Le Secrétariat, note M. Berger, a lancé nombre de réformes en matière de ressources humaines, notamment le concept de mobilité du personnel, sujet « très important » et préoccupant pour le fonctionnement global de l’Organisation.

« L'idée de base, c’est qu’il devrait exister une rotation pour le personnel onusien, à la manière du personnel diplomatique, tous les trois, quatre ou cinq ans, dans le cadre de leur développement professionnel et ce, afin qu’il acquière de nouvelles expériences », explique le Président.

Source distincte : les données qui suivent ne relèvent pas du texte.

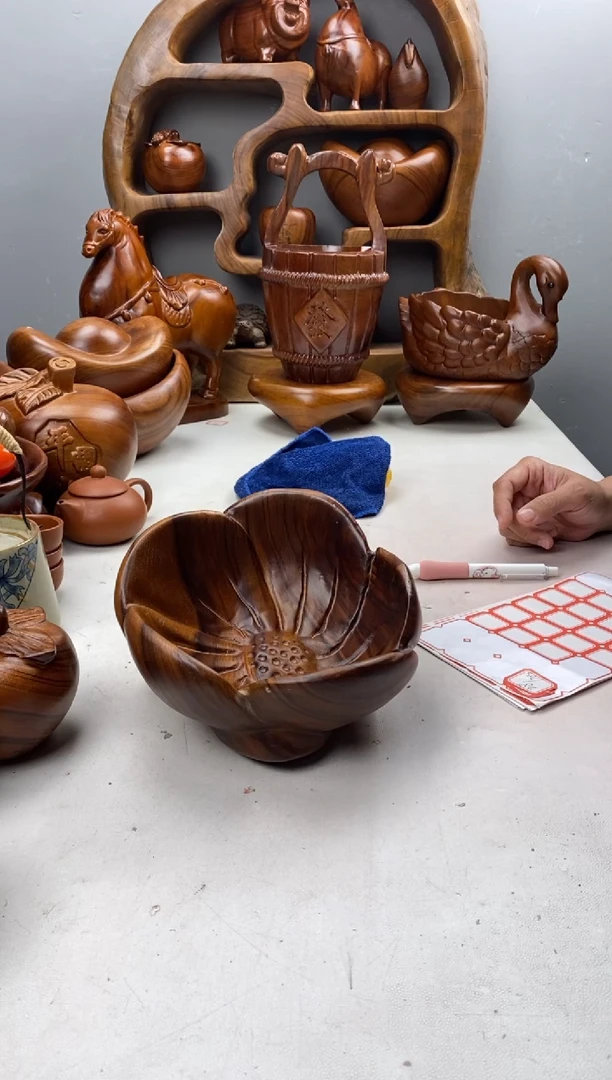 香樟木A52梅花果盆/尺寸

Mais il reconnait que se départir du système de mobilité actuel est un processus lent et compliqué et que les États Membres en sont encore à étudier mes modalités d’une telle réforme. De nombreuses questions se posent en effet: le personnel de l'ONU devrait-il être contraint de faire une « tournée » – de New York à Bangkok, et de Genève à Nairobi? Combien de temps dureraient de telles rotations? En particulier dans les affectations considérées comme difficiles?

Bien que le système onusien paraisse parfois en difficulté et délicat à gérer sur le plan administratif, la question de la planification et du budget, surtout en période d’austérité, reste présente dans tous les esprits.

« Je pense que le Secrétariat a lancé des initiatives qui permettront à l'Organisation d'être plus transparente et moderne à l’avenir et à l'ONU de mieux s’acquitter de ses mandats. C’est cela que nous voulons voir », a résumé M. Berger.